Poem of the Week | April 08, 2019

“Prom Queen(s)” Alicia Elkort and Jennifer Givhan
This week’s Poem of the Week is “Prom Queen(s)” by Alicia Elkort and Jennifer Givhan!
Alicia Elkort’s poetry has appeared in AGNI, Black Lawrence Press, Califragile, Georgia Review, Heron Tree, Hunger Journal, Jet Fuel Review, Menacing Hedge, Rogue Agent, Stirring: A Literary Collection, Tinderbox Poetry Journal and many others. Alicia’s poems have been nominated for the Orisons Anthology (2016), the Pushcart (2017), and Best of the Net (2018). She lives in California and will go to great lengths for an honest cup of black tea and a cool breeze.
Jennifer Givhan, a Mexican-American poet and novelist, has earned an NEA and a PEN/Rosenthal Emerging Voices fellowship. Her books include Landscape with Headless Mama (2015 Pleiades Editors’ Prize), Protection Spell (2016 Miller Williams Poetry Prize Series), Girl with Death Mask (2017 Blue Light Books Prize), Rosa’s Einstein (2019 Camino Del Sol Poetry Series), and two novels, Trinity Sight and Jubilee (Blackstone Publishing). Her honors include the Frost Place Latinx Scholarship, a National Latinx Writers’ Conference Scholarship, the Lascaux Review Poetry Prize, Phoebe Journal’s Greg Grummer Poetry Prize, The Pinch Poetry Prize, the Joy Harjo Poetry Prize 2nd place, and ten Pushcart nominations. Her work has appeared in Best of the Net, Best New Poets, Poetry Daily, Verse Daily, Ploughshares, POETRY, TriQuarterly, Boston Review, AGNI, Crazyhorse, Witness, Southern Humanities Review, Missouri Review, and The Kenyon Review. She lives near the Sleeping Sister volcanoes in New Mexico with her family, and can be found discussing feminist motherhood at jennifergivhan.com, Facebook, & Twitter @JennGivhan.
Prom Queen[s]
We didn’t want to be queens Not then—
We wanted not to be hollowed, not to be buried
alive. & when they wrapped us in tarp & threw us to the ocean, those
boys/men who’d shamed us deep [water silence] into brittle bones
where we’d hidden our wounds we wanted
our mothers.
Tahlequah killer whale mama carried her dead calf 17 days
nearly starving [nearly drowning]. We know our mothers would have mothered
us if they hadn’t been wrapped in their own shame tarps which they gave us, like cherished heirlooms.
Late at night when we cleanse the day
a warm shower we women carrying the ghosted girlchildren
into the baptismal font, oceanography of what pasts we’ve dredged,
a whalebone
weighs heavy on our chests
pearlescent horns breaking the jaw’s surface splintering baleen-
[one of us was called blubber & one of us sardine & neither asked to prom]
vitriol still stored in our cells through generations
of girlchilds—
We sing to each other sometimes
our voices are sweet & other times we stab & we claw
In our dreams we are crowned
& we know crowns don’t matter not really
not to the gloryseed of us
so we teach our daughters Dance—
dance your selves to the music you create & the seawaters
rising will never drown you
Let us be seen Let us crown
Authors’ Note
We have spent hours sharing our girlhood/womanhood stories with each other, finding healing, comfort and celebration in the way our stories merge and overlap.

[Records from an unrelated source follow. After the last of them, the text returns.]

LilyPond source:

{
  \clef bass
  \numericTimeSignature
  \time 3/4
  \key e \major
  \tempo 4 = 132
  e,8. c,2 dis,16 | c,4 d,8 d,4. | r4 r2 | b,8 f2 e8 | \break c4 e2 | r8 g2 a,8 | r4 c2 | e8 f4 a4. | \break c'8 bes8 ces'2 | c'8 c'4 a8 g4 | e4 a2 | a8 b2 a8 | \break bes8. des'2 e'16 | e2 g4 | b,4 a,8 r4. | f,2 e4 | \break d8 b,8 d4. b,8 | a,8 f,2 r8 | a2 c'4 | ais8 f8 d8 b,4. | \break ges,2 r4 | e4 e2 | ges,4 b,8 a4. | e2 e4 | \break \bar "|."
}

One place of convergence is this: neither of us went to our senior prom. When we realized this, we wanted to braid our different experiences. So our poem addresses the various layers of trauma that we have sifted through in our histories—both personal and communal, as survivors—and comes to what always feels like a remarkable and necessary truth in both of our lives, one we need to continue reminding ourselves and each other until it sticks, not just in us but in our daughters, nieces, friends and also the young women we mentor. We women/girls carry within ourselves the glory, the praise, and ultimately the only crown that matters.